Publicly Released: October 4, 2021
The objective of this audit was to determine whether the Military Departments managed selected depot‑level reparables (DLRs), specifically engines, to meet DoD requirements to maintain authorized stock levels and meet program readiness levels. A DLR is an item of supply that is designated for repair at a depot, or an item that is designated for repair below the depot level but cannot be repaired at that level.
The DoD assigns different levels of maintenance to repair parts depending on the skill level, tooling, and facilities needed to execute the repairs. Depot‑level repair is the most sophisticated level of maintenance. Depot‑level repair consists of repairing a major end item, such as an aircraft or a ground vehicle, by performing repairs (when economical) and replacement of parts on the system.
This audit focuses primarily on the depot, and its ability to repair sufficient numbers of engines or engine modules to maintain adequate quantities of these items to ensure that they are available for the weapon systems to meet operational readiness goals.
The Army, Navy, and Air Force did not consistently meet their stocking requirements for the nine engines in our sample.
- The Army maintained sufficient quantities of the T‑55, T700‑GE‑701D, Diesel (M88), and Diesel (M109) engines to meet the stocking requirements. The Army fell short of meeting its stocking requirement for the Diesel–Glow Plug (M113) engine in April 2021, but previously met the stocking requirement in January 2021 and was taking corrective actions related to a defect with a part that caused the shortage.
- The Navy did not maintain sufficient quantities of the T700‑GE‑401C engine to meet the stocking requirements; however, the Navy was in the process of obtaining additional engines from General Electric and had engines installed on aircraft in long‑term storage that were available to supplement stock, if needed.
- The Air Force maintained sufficient quantities of the F108‑100 engine but did not maintain enough supply of the F100‑220 and F100‑229 engines. However, the Air Force accepted the risk in engine stock to focus its limited resources on critical non‑engine‑related problems with the F‑15 and F‑16 aircraft.

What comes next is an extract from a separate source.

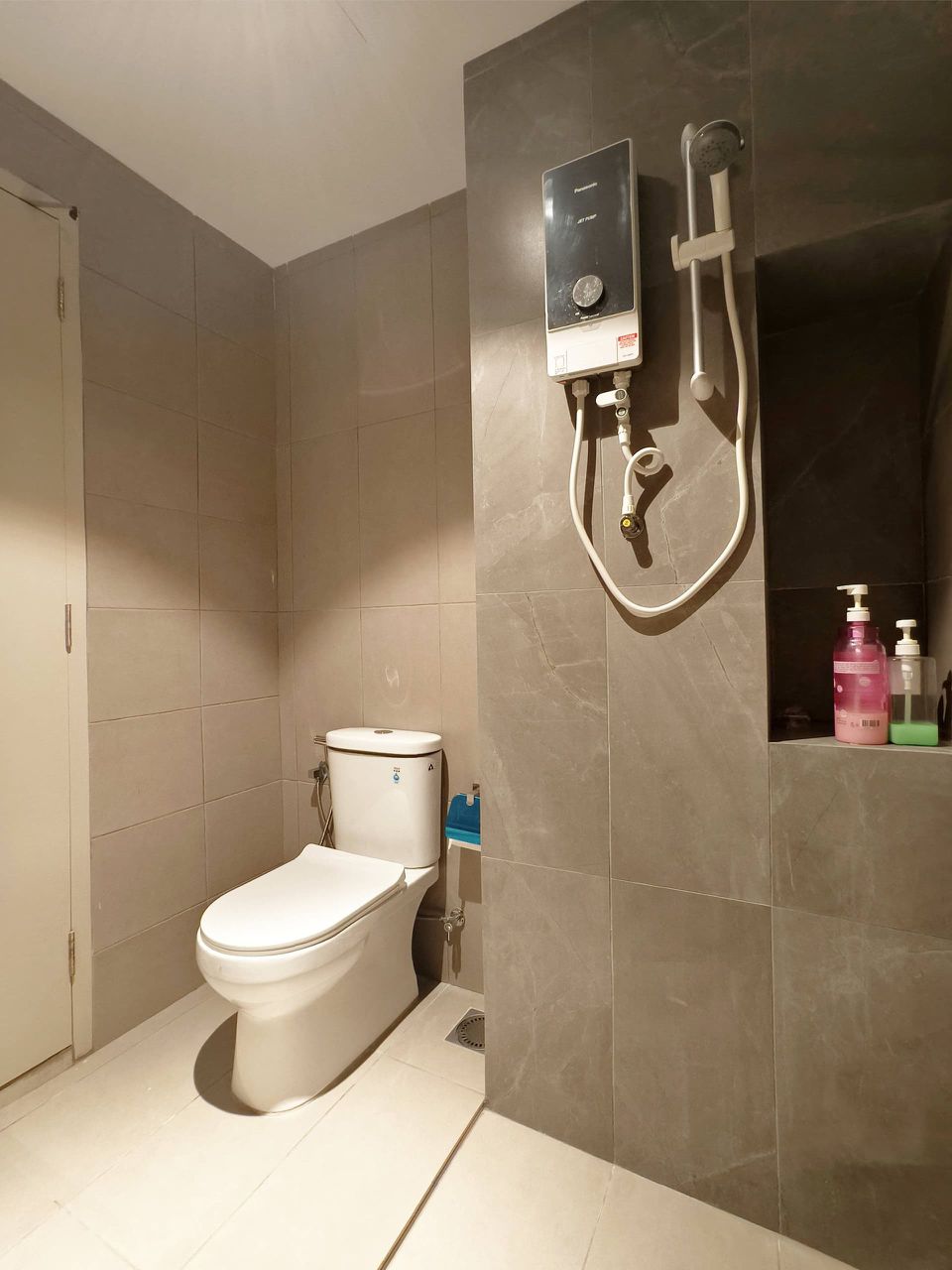 Damansara Perdana, Empire City Paxtonz, FF Studio - photo 10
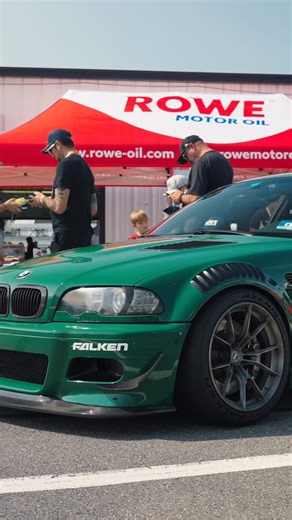 John on Instagram: "Take me back to @mpact_ with my @rowemotoroilusa crew. 🎥🎬 @pardon.m3dia ⬇️_____Sponsors and Discount Codes Below!_____⬇️ @RoweMotorOilUSA - Premium Motor Oil and Fluids - Drop Ship Link In Bio @DRForged - Custom Forged Wheels - 10% off Link In Bio @AutomotiveSpecialtyWraps - PPF, Tint, Wrap @TurnerMotorsport - BMW Performance Parts @ECSTuning - European Aftermarket Parts @HookedOnDrivingNE - HPDE Track Events @Valvetronic - Link In Bio, Code PRDNM3 for 5% Off @FalkenTire -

In addition, the three organic depots and one contractor depot that repaired the nine selected engines and engine modules did not consistently meet the Military Department’s repair metrics for depot performance; however, the delay in repairing the nine selected engines and engine modules did not negatively impact readiness. Although the Military Departments did not consistently meet their stocking requirements and the depots did not consistently meet the repair metrics for depot performance, the engine impact to weapon system readiness was either insignificant or the Military Departments were taking action to correct the problems.
We are not making any recommendations because although supply levels for selected engines did not always meet required stock levels, and the depots did not always meet their production goals for the period reviewed, the Military Departments had processes in place to identify and correct potential problems. Despite the number of challenges identified in this report, the availability of engines and engine modules did not negatively impact readiness. In addition, the Government Accountability Office made recommendations to the Military Departments addressing both the degraded state of DoD facilities and depot workforce challenges.
This report is a result of Project No. D2020-D000RK-0157.000.